• [Exercise description] Leave out the pictures and output the data verbatim.

• [Input data]
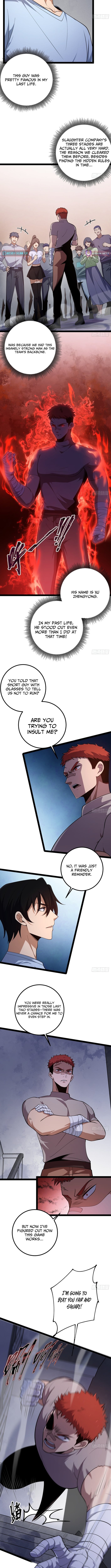 The Surviving Player: Unrivaled in the Second Death Game – Chapter 07 – Page 4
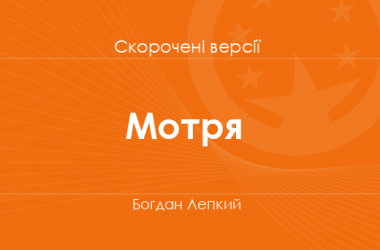 «Мотря» Богдан Лепкий. Скорочені версії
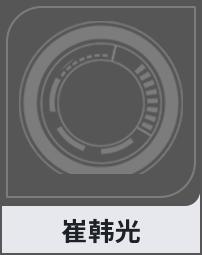 崔韩光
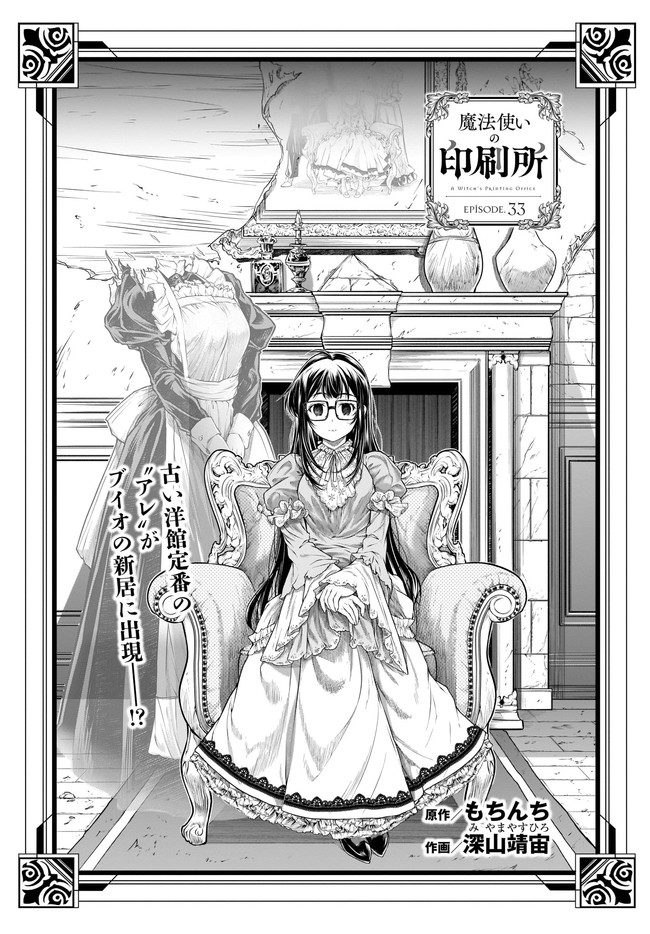 Mahoutsukai no Insatsujo - Chapter 33 - Page 3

• [Your response]
 The Surviving Player: Unrivaled in the Second Death Game – Chapter 07 – Page 4
 «Мотря» Богдан Лепкий. Скорочені версії
 崔韩光
 Mahoutsukai no Insatsujo - Chapter 33 - Page 3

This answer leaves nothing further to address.